Na contemporaneidade, observamos que o filme de família, inicialmente de
caráter privado, vem se tornando cada vez mais exibido publicamente, por quatro
modos diferentes: na disponibilização em acervos públicos (resultando em uma
patrimonialização desse tipo de arquivo); na televisão – em programas
documentários ou em quadros de entretenimento do estilo “videocassetadas”; na
internet, em sites como o YouTube; e no cinema, utilizado muitas vezes de forma
documental e principalmente em obras autobiográficas.

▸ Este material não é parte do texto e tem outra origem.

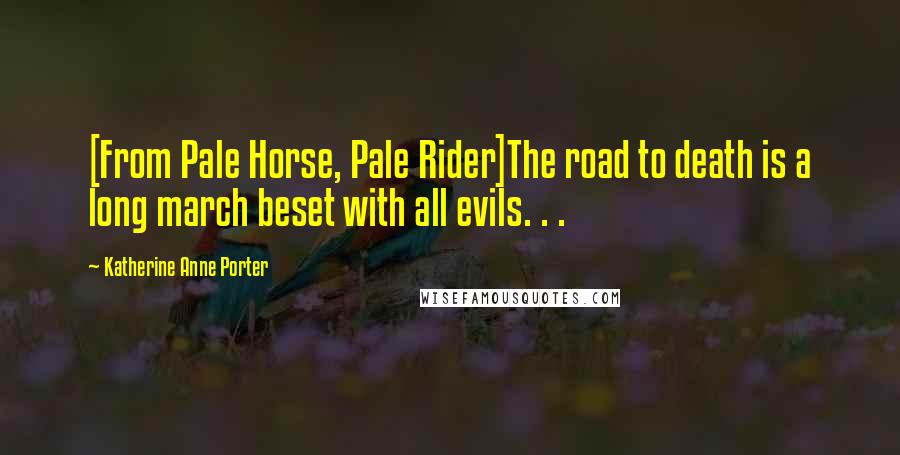 Katherine Anne Porter Quotes: [From Pale Horse, Pale Rider]The road to death is a long march beset with all evils. . .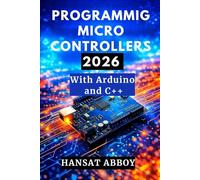 PROGRAMMING MICROCONTROLLERS 2026: With Arduino and C++
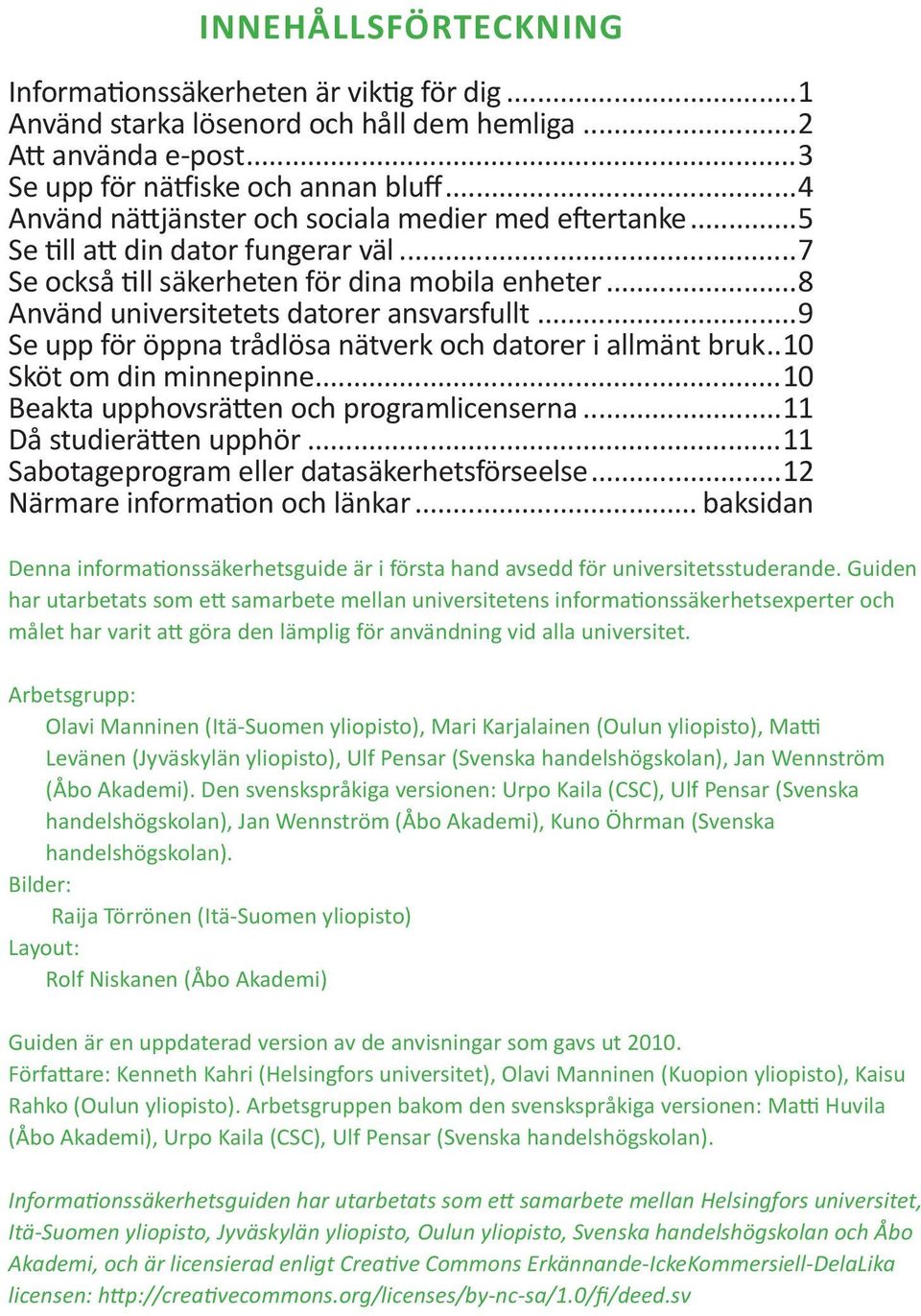 ..9 Se upp för öppna trådlösa nätverk och datorer i allmänt bruk..10 Sköt om din minnepinne...10 Beakta upphovsrätten och programlicenserna...11 Då studierätten upphör.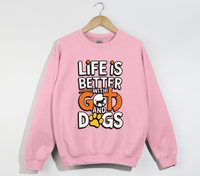 Load image into Gallery viewer, Life Is Better With God And Dogs - Sweatshirt
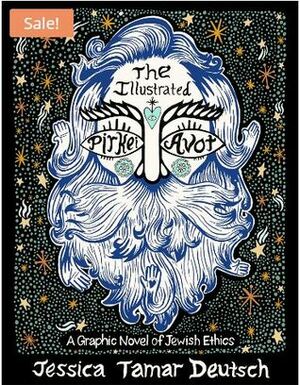 The Illustrated Pirkei Avot: A Graphic Novel of Jewish Ethics by Jessica Tamar Deutsch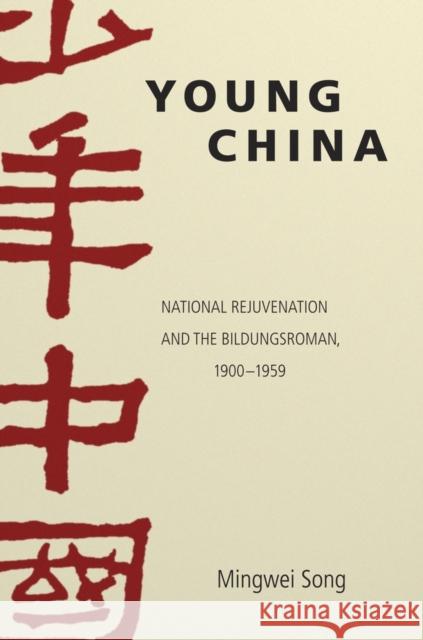 Young China: National Rejuvenation and the Bildungsroman, 1900-1959 Mingwei Song 9780674088399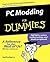 PC Modding For Dummies by Joel Durham Jr.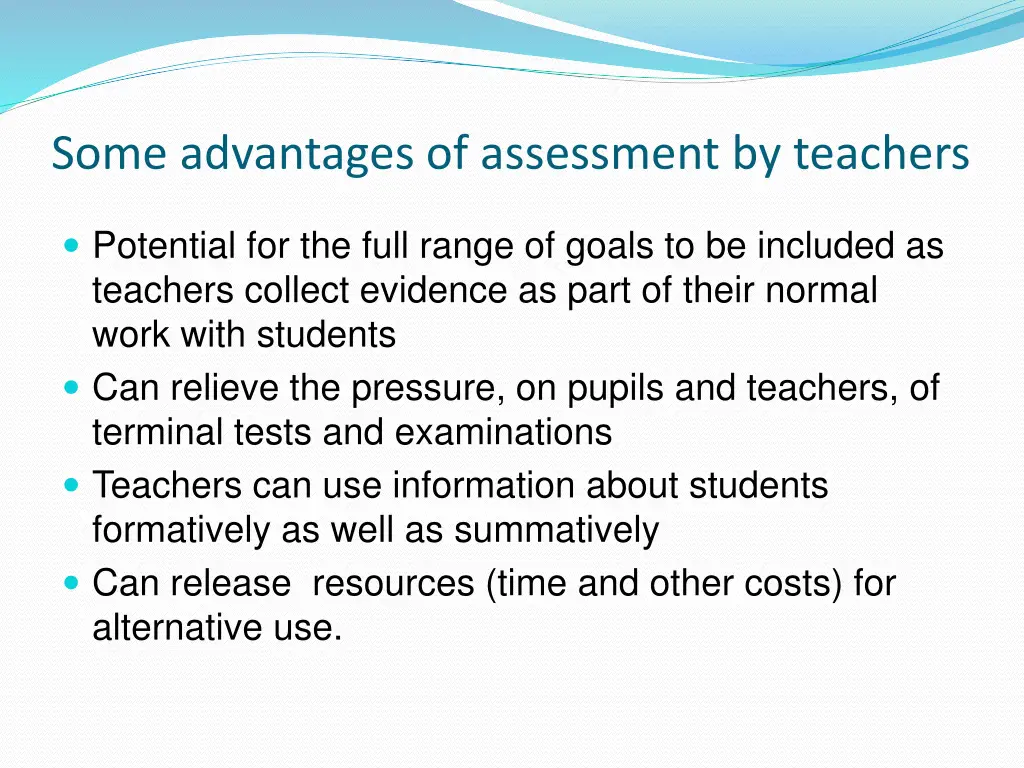 some advantages of assessment by teachers
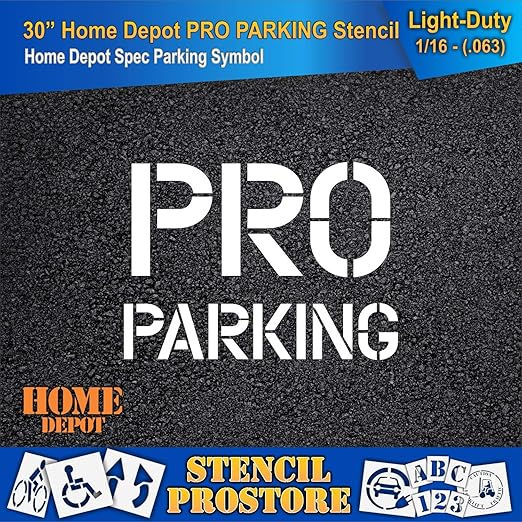 Retail Stencils - Home Depot - 30 in PRO Parking Stencil - 43'' x 31'' x 1/16" (63 mil) - Light-Duty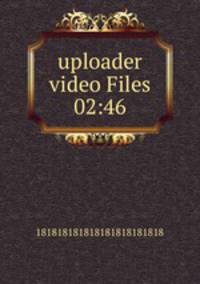 uploader video Files 02:46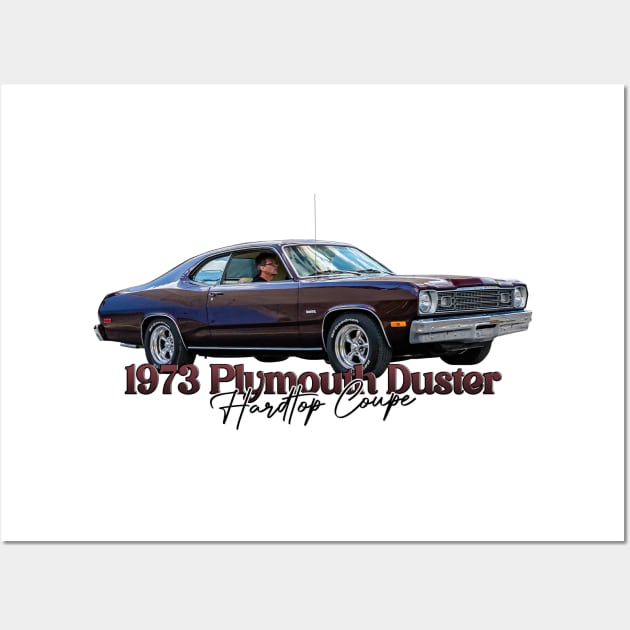 1973 Plymouth Duster Hardtop Coupe Wall Art by Gestalt Imagery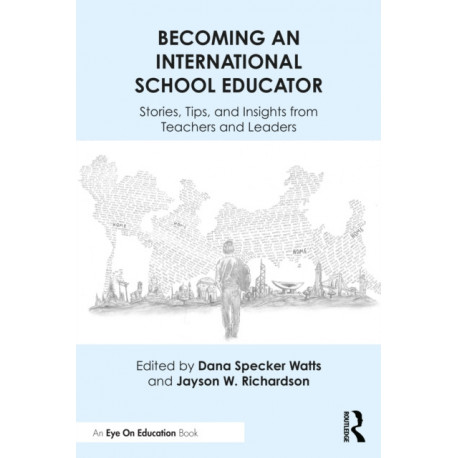 Becoming an International School Educator: Stories, Tips, and Insights from Teachers and Leaders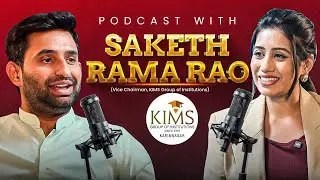 PODCAST BY KIMS GROUP VICE CHAIRMAN SAKETHRAMA RAO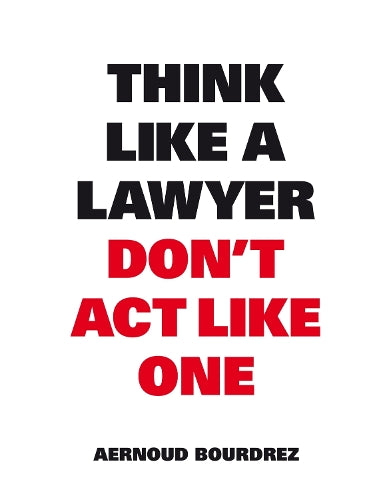 Think Like A Lawyer, Don’t Act Like One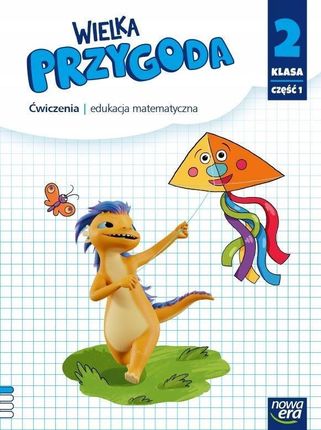 Wielka Przygoda NEON. Szkoła podstawowa klasa 2 cz. 1. Matematyka. Zeszyt ćwiaczeń. Nowa edycja 2024-2026 - Krystyna Sawicka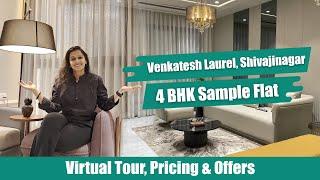 Venkatesh Laurel Shivajinagar | 4 BHK Sample Flat Tour | Venkatesh Buildcon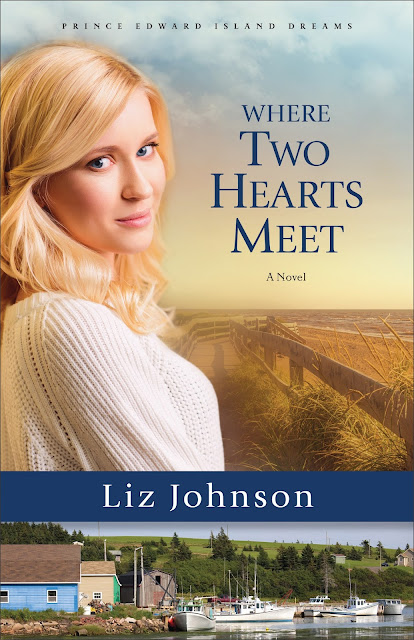 Where Two Hearts Meet (Prince Edward Island Dreams #2) by Liz Johnson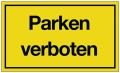 Hinweiszeichen Parken verboten L250xB150mm gelb schwarz Ku.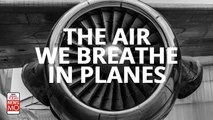The Air We Breathe In Passenger Planes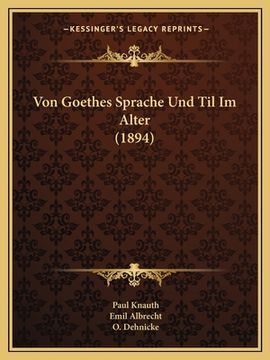 portada Von Goethes Sprache Und Til Im Alter (1894) (in German)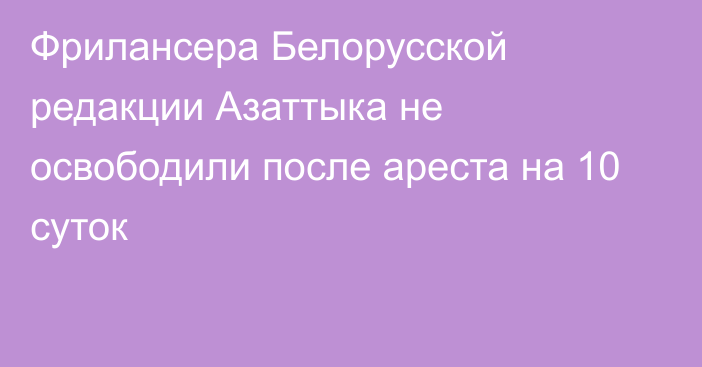 Фрилансера Белорусской редакции Азаттыка не освободили после ареста на 10 суток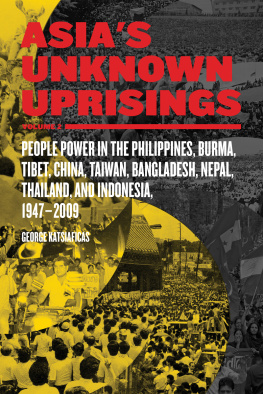 Katsiaficas - Asias unknown uprisings. Volume 2, People power in the Philippines, Burma, Tibet, China, Taiwan, Bangladesh, Nepal, Thailand, and Indonesia, 1947-2009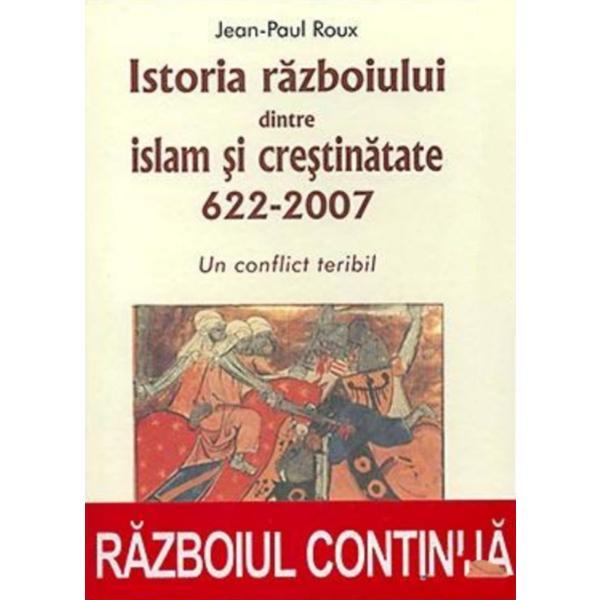 Istoria razboiului dintre Islam si Crestinatate 622-2007 - Jean-Paul Roux, editura Artemis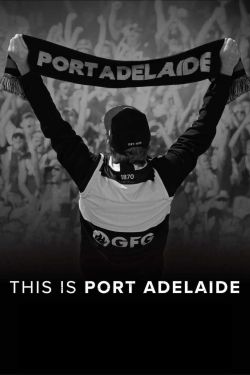 watch This Is Port Adelaide Movie online free in hd on MovieMP4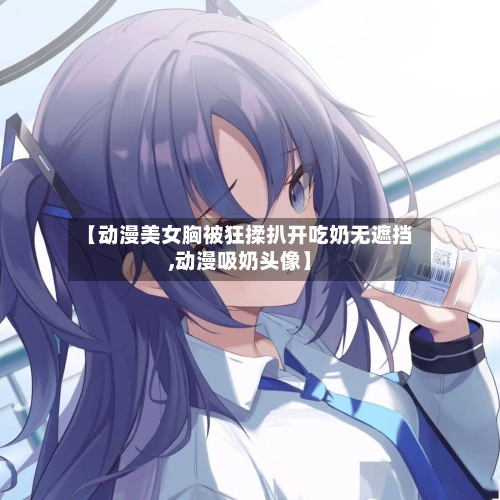 【动漫美女胸被狂揉扒开吃奶无遮挡,动漫吸奶头像】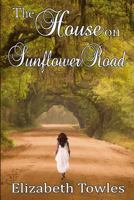 The House On Sunflower Road 1629166367 Book Cover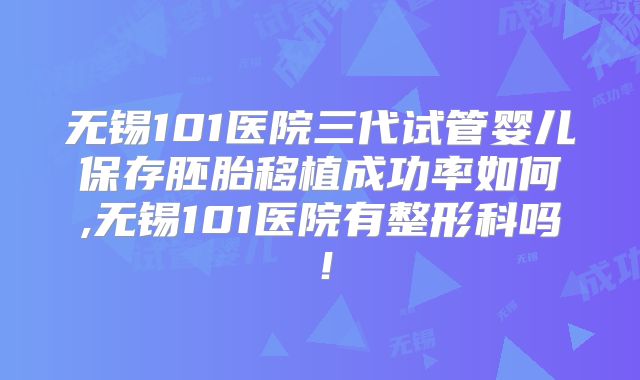 无锡101医院三代试管婴儿保存胚胎移植成功率如何,无锡101医院有整形科吗！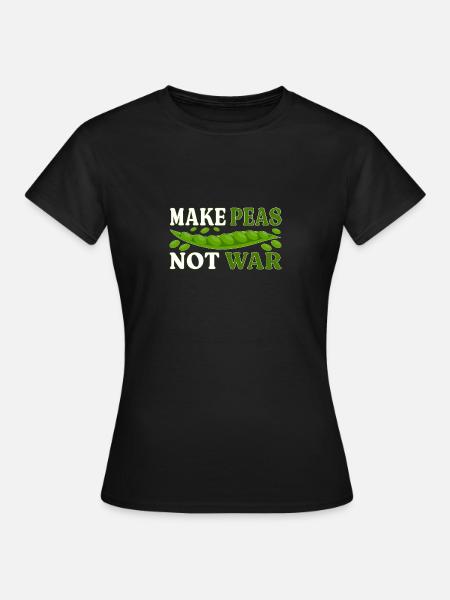 Erbsen machen, nicht Krieg - Frauen T-Shirt - Schwarz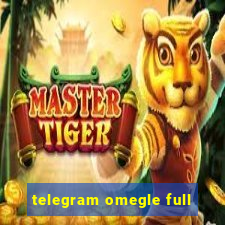 telegram omegle full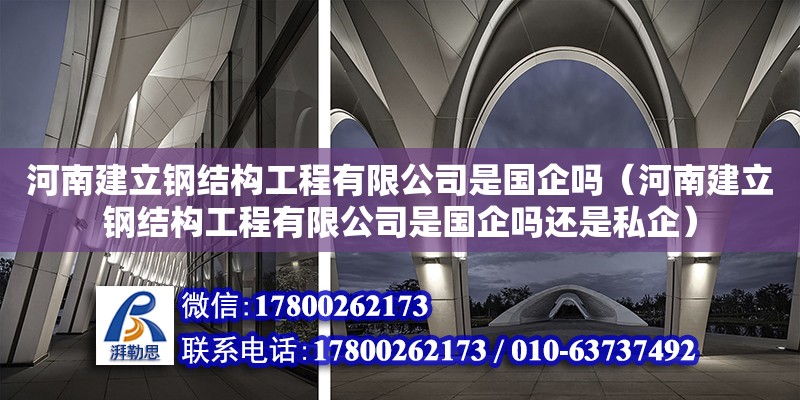 河南建立鋼結構工程有限公司是國企嗎（河南建立鋼結構工程有限公司是國企嗎還是私企） 北京鋼結構設計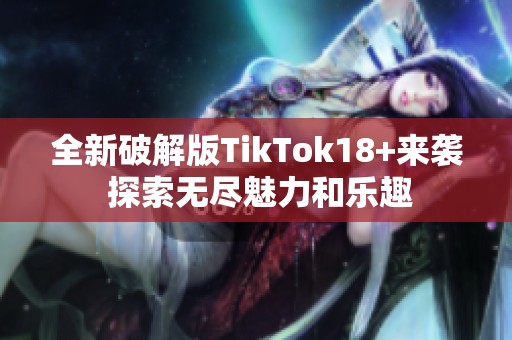 全新破解版TikTok18+来袭 探索无尽魅力和乐趣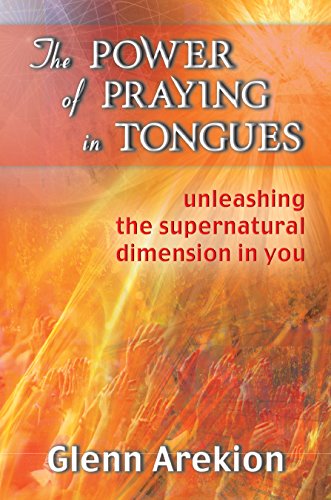The power of praying in tongues. Unleashing the supernatural dimension in you di Glenn Arekion edito da Destiny Image Europe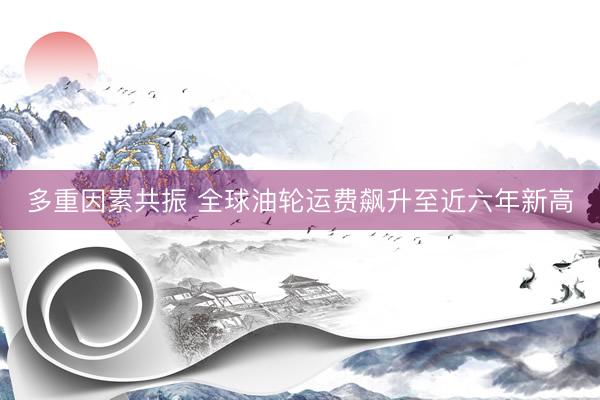 多重因素共振 全球油轮运费飙升至近六年新高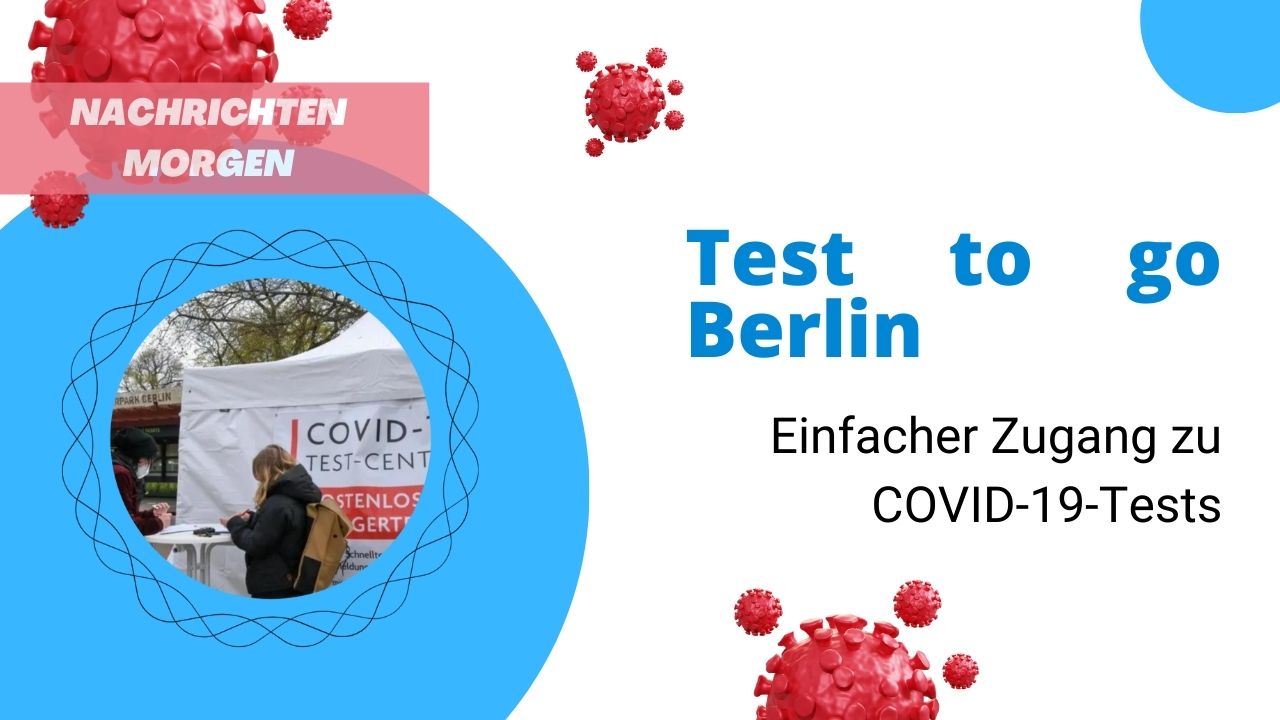 Test to go Berlin Einfacher Zugang zu COVID19Tests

O pesquisador Roger Odin defende que um mesmo filme pode ter modos de
leitura diferentes para cada pessoa, dependendo da relação que o espectador quer
estabelecer com o filme. No artigo em que estuda a questão do público (ODIN,
2005), ele elenca nove modos de leitura. São eles:
1. Modo espetacular: ver um filme como um espetáculo. 2. Modo ficcionalizante: ver um filme para vibrar ao ritmo dos acontecimentos fictícios narrados. 3. Modo fabulizante: ver um filme para receber um ensinamento da narrativa. 4. Modo documentário: ver um filme para obter informações sobre a realidade das coisas do mundo. 5. Modo argumentativo/persuasivo: ver um filme para poder elaborar um discurso. 6. Modo artístico: ver um filme como sendo a produção de um autor. 7. Modo estético: ver um filme se interessando pelo trabalho feito com as imagens e os sons. 8. Modo energético: ver um filme para vibrar a ritmo das imagens e dos sons.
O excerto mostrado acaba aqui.